Corridori Hopi, 1902.
Foto di Jesse H. Bratley
Cerimonia Hopi della Danza dei Serpenti.
1899-1900. Foto di Summer W. Matteson.
Corridori Acoma Pueblo,
New Mexico. 1909. Fonte: New York Public Library.
Gara durante
il St. Geronimo Day. Taos Pueblo, New Mexico. 1884-1892. Foto di W.A. White.
Tra
le tradizioni Navajo esiste un rito di passaggio per le ragazze che dall’età
della pubertà passano all’età adulta tramite la celebrazione della “Kinaalda”. Durante il rito le ragazze apprendono
che l'universo deve essere tenuto in ordine. Imparono a prendersi cura
della terra e tutto ciò che vive in essa. La terra è la madre di tutta la
vita. Fornisce un riparo, nutrimento e produce la vita. Tra i tanti rituali che
fanno parte della Kinaalda c’è anche quello dedicato alla corsa. I Navajo
credono che la vita e il movimento sono valori essenziali. La ragazza correndo
esprime la visione del mondo.
Ragazza Navajo durante la celebrazione
delle Kinaalda
In
tutto il continente americano esistevano reti commerciali molto vaste
utilizzati da commercianti e messaggeri. I primi coloni europei documentarono fin
da subito queste reti di intercambio tra le varie tribù per esplorare il
territorio americano.
Nel
nord-est in quella che sarebbe diventata New York, la confederazione Irochese
era tenuta insieme dai loro messaggeri che potevano percorrere correndo in tre
giorni 380 chilometri portando messaggi di importanza anche politica. I
corridori Irochesi trasportavano nello loro rotte cinturoni chiamati “Wampum”
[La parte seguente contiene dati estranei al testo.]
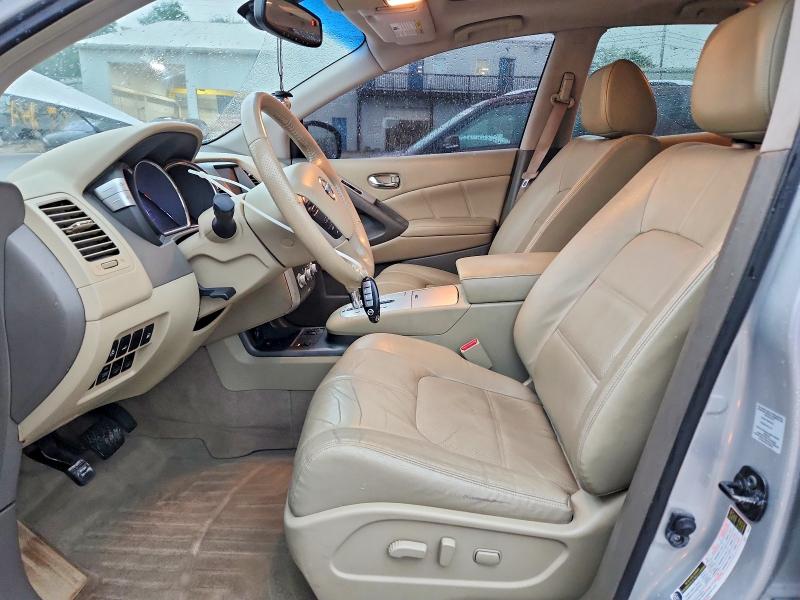 Продаж на аукціоні авто 2011 Nissan Murano, vin: JN8AZ1MW9BW153074, номер лоту: 64499906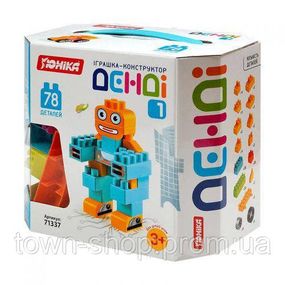 Детский конструктор  „ДЕНДИ”- 1 71337, 78  деталей
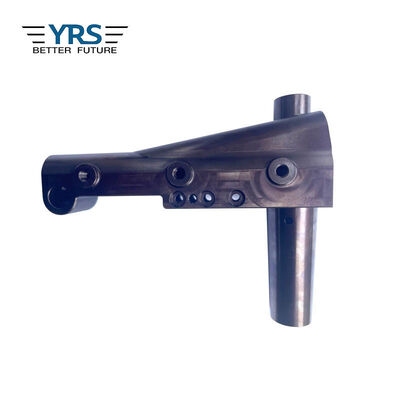 HRC48-56 SKD61Precision은 정밀 기계 오토바이 부품 부품을 기계화했습니다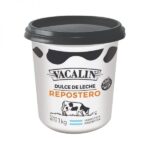 Dulce de Leche Repostero Vacalin x 1 kg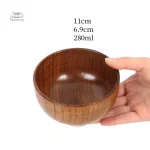 Set de couverts et plateaux en bois japonais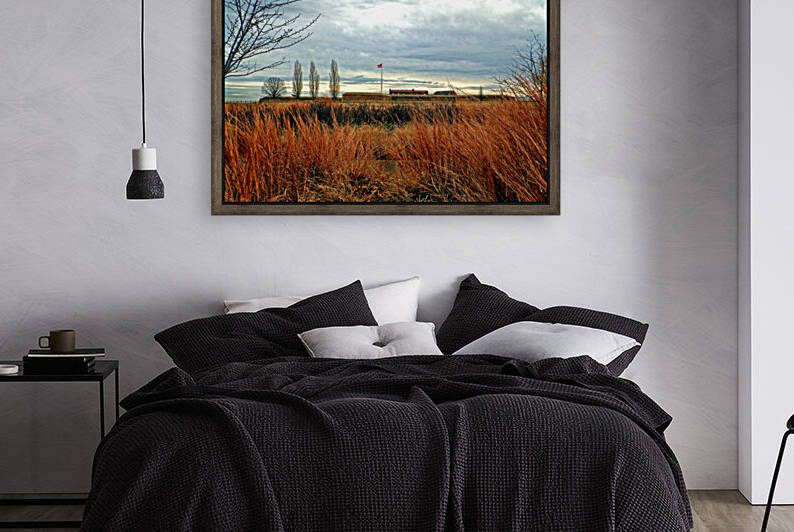 Fort McHenry Weedy Foreground 2140061 by Bill Swartwout Photography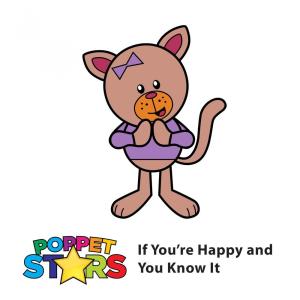 ดาวน์โหลดและฟังเพลง If You're Happy and You Know It (Te Reo Version) พร้อมเนื้อเพลงจาก Poppet Stars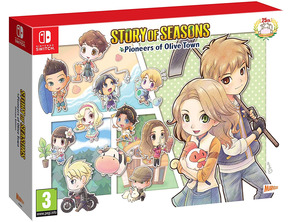 Add to cart Story of Seasons: Pioneers of Olive Town Deluxe Edition Switch Story of Seasons: Pioneers of Olive Town Deluxe Edition Switch
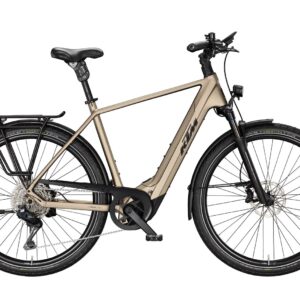 KTM MACINA STYLE 820 XL DI2 2027 PLATIN BRONZE MATT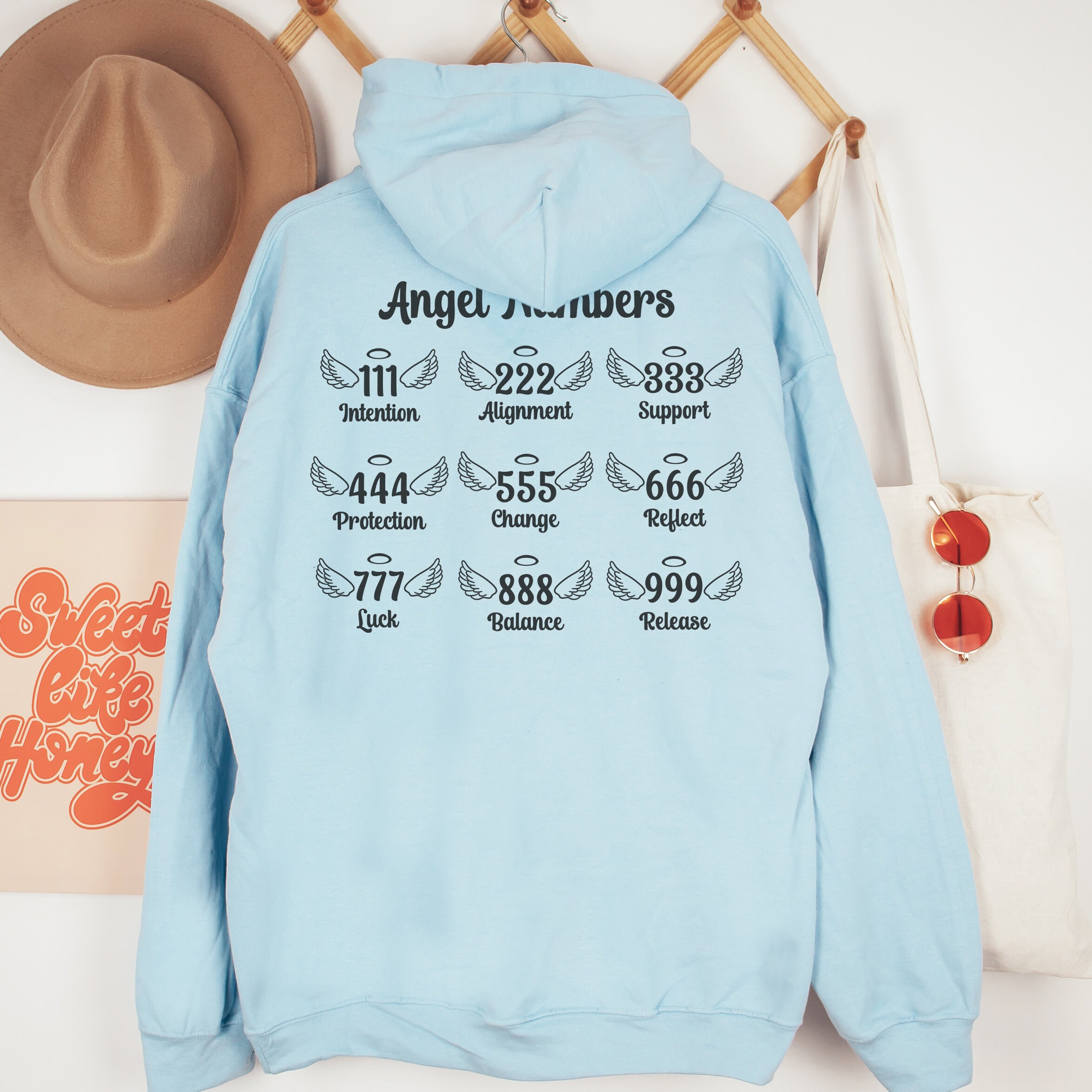Angel Number Angel SVG Spiritual SVG Trendy Svg File for Cricut - Etsy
fatti con pezzi di conchiglia che oltre ad avere un significato decorativo nei
loro simboli c’erano anche codificati messaggi di accordi, inviti a riunioni o
assemblee, risoluzioni di conflitti, morte o nomina di un leader o qualsiasi
altro messaggio che doveva essere recapitato a una tribù vicina. I corridori
avevano la missione di fare arrivare questi messaggi a volte di vitale
importanza per la sopravvivenza come per esempio chiedere aiuto durante un
attacco nemico.
Cinturone Wampum
Più
a sud del continente, nella civiltà Azteca, esistevano messaggeri che correvano
per fare arrivare le notizie il prima possibile.
I Paynanis, o
messaggeri del Dio Paynal, la cui definizione etimologica è "corridore
veloce" o "piè veloce" avevano il compito di recapitare messaggi.
Consegnavano informazioni
urgenti correndo lunghe distanze in breve tempo. Con il sistema di staffetta
potevano percorrere fino a 600 chilometri al giorno.
Rappresentazione grafica di un messaggero
Paynani
Si chiamavano Chaquis
e facevano parte del sistema di comunicazione dell’impero. Attraversavando la Cordigliera
delle Ande a velocità sostenuta. Utilizzando anch’essi il sistema di staffetta,
potevano percorrere enormi distanze in un tempo relativamente corto, circa 300
chilometri al giorno. Un messaggio che partiva da Quito (Ecuador) arrivava a
Cuzco (Perù) in solo 5 giorni, coprendo una distanza di 1250 chilometri. I
sentieri non erano semplici in
quanto si snodavano tra montagne con alture considerevoli, tra precipizi e
ponti fatti di corda che ondeggiavano sospesi su burroni.
Rappresentazione grafica di un messaggero
Chasqui.
Sono state descritte in
questo articolo solamente alcune culture ma possiamo dire che in tutto il continente
americano la corsa è stata fondamentale per secoli, facendo prosperare civiltà,
tra deserti ed alte montagne, tra oceani ed immense pianure.